Chi ha partecipato al vertice sponda lùmbard – racconta di una Lega che si impunta, che boccia i ritocchi sull`anzianità , sposta l`intervento sulle donne al 2014 e chiede che i soldi dell`Iva siano usati per consolidare i conti pubblici, non per fare spesa. Nella vulgata leghista Berlusconi accetta anche di reintrodurre la supertassa sopra i 300mila euro.
A quel punto Calderoli sente Bossi e Maroni dà l`ok.
Un accordo che però nel Carroccio lascia più di una ferita aperta.
Basta leggere il titolo di ieri della Padania, house organ leghista che per tutto agosto ha martellato i lettori con le vittorie delle camicie verdi, in particolare sulle pensioni. Ebbene, il giornale di Bossi apre con un freddo “Via libera alla manovra” senza alcun riferimento alle novità sulla previdenza.
Notizia nascosta. Commenta un deputato leghista di fede maroniana: «Abbiamo passato l`estate a dire che non avremmo permesso che si toccassero le pensioni del Nord e ora ci ritroviamo così…».
Un malumore che, è il timore di Via Bellerio, nella base potrebbe essere ancora più esplosivo.
Sarà un caso, ma fino a ieri sulla Padania per sabato prossimo era previsto un comizio di Bossi a Treviso.

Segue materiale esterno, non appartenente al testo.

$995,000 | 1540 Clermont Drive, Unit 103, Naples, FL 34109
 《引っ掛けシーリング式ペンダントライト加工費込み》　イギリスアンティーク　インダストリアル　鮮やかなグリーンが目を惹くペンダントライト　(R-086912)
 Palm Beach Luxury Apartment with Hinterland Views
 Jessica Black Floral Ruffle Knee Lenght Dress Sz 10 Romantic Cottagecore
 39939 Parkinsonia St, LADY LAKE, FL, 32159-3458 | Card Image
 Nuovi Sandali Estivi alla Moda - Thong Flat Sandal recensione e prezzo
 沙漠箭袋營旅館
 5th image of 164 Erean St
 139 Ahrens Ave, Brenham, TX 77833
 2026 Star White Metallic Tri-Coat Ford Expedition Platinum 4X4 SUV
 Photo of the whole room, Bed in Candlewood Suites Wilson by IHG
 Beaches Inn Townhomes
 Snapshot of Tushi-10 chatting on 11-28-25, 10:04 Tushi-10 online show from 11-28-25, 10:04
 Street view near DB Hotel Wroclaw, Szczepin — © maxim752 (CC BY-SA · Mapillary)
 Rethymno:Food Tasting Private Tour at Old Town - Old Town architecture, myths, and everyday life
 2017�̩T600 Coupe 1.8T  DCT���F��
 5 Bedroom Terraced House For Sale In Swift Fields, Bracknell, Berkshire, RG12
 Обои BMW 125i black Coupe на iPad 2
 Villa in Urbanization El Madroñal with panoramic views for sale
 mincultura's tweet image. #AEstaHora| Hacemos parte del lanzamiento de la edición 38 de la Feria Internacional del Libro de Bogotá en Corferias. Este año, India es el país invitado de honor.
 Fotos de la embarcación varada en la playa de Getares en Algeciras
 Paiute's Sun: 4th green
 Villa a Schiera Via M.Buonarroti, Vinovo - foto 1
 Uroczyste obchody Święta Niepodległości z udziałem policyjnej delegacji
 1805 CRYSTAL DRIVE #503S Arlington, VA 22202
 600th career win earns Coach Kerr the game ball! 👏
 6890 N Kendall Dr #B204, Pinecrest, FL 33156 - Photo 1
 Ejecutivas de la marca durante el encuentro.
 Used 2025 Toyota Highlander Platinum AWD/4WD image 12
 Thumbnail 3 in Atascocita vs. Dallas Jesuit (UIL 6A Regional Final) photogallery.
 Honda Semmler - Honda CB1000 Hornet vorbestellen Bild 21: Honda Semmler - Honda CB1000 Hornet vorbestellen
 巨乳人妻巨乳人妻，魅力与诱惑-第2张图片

Poi, improvvisamente, l`evento viene cancellato.
Gli stessi pretoriani del “Capo” dicono che preferisce «non esporsi» in una fase così delicata.
1 più maliziosi parlano apertamente di paura di contestazioni per la manovra.
Tanto che c`è chi mette in giro la voce che Bossi potrebbe disertare anche il raduno di Venezia del 18 settembre, il mitico rito dell`ampolla che nella liturgia leghista eguaglia Pontida.
Vero o no che sia, le anime del partito sono in fibrillazione.
Il partitone degli amministratori del Nord soffre. Nonostante i tagli a comuni e regioni siano stati alleggeriti, molti di loro la manovra la vivono come un cazzotto nello stomaco.
Uno di loro, e di peso, dice che «qui facciamo solo figuracce, dobbiamo uscire subito dal governo».
In molti si lamentano per un Bossi percepito come ormai evanescente e contraddittorio.
I veleni sono però incrociati.
Se molti parlamentari fanno notare (compiaciuti) l`assenza del capogruppo Reguzzoni sulla manovra, il suo entourage risponde che lui non ha condiviso la gestione dei negoziati e che si è volutamente defilato.
Per molti maroniani il ministro dell`Interno è scontento del testo finale, anche se chi ha negoziato con il premier giura il contrario.
Calderoli si spinge ad affermare che «la Lega ha riscoperto il gioco di squadra».
C`è infine chi sostiene che a essere scontento sia Giorgetti: non sarebbe stato informato in anticipo sulle decisioni.
Sia come sia, le tensioni nel Carroccio restano e il banco di prova sulla sua tenuta sarà il voto sull`arresto di Marco Milanese.